(Scraped caption text data)

──────────────────────────────

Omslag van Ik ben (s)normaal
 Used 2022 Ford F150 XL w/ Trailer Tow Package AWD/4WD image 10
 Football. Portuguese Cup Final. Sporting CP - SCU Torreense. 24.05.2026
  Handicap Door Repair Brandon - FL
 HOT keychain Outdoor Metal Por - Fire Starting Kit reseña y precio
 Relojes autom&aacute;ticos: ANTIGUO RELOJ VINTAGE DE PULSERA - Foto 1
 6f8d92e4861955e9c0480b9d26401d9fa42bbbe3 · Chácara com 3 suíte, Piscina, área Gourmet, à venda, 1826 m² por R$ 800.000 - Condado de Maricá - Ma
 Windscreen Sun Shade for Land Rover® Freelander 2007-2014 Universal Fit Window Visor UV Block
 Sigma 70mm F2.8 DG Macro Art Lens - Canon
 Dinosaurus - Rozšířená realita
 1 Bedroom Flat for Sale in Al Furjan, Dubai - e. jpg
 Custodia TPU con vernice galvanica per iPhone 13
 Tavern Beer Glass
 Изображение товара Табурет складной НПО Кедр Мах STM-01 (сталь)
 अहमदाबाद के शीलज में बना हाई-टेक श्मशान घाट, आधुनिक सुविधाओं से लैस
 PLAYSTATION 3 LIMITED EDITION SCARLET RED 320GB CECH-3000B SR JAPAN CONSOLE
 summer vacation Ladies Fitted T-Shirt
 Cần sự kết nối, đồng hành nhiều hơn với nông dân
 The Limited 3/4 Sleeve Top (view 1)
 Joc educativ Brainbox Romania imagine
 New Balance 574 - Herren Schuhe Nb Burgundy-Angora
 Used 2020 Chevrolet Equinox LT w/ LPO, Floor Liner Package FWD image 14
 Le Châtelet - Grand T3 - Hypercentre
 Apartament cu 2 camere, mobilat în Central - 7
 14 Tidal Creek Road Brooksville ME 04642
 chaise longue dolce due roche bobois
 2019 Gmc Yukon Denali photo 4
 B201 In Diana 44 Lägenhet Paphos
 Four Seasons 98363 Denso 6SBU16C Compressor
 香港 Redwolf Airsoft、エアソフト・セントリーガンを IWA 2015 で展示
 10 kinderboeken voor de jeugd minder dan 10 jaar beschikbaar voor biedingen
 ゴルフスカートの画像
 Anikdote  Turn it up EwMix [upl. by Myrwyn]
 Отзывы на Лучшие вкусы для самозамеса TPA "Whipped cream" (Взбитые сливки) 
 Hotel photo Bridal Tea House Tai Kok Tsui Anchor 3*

──────────────────────────────

PROBLEM DESCRIPTION: A single number, please: the count of lines above that contain the string "image".

RESPONSE TO THIS TASK: 2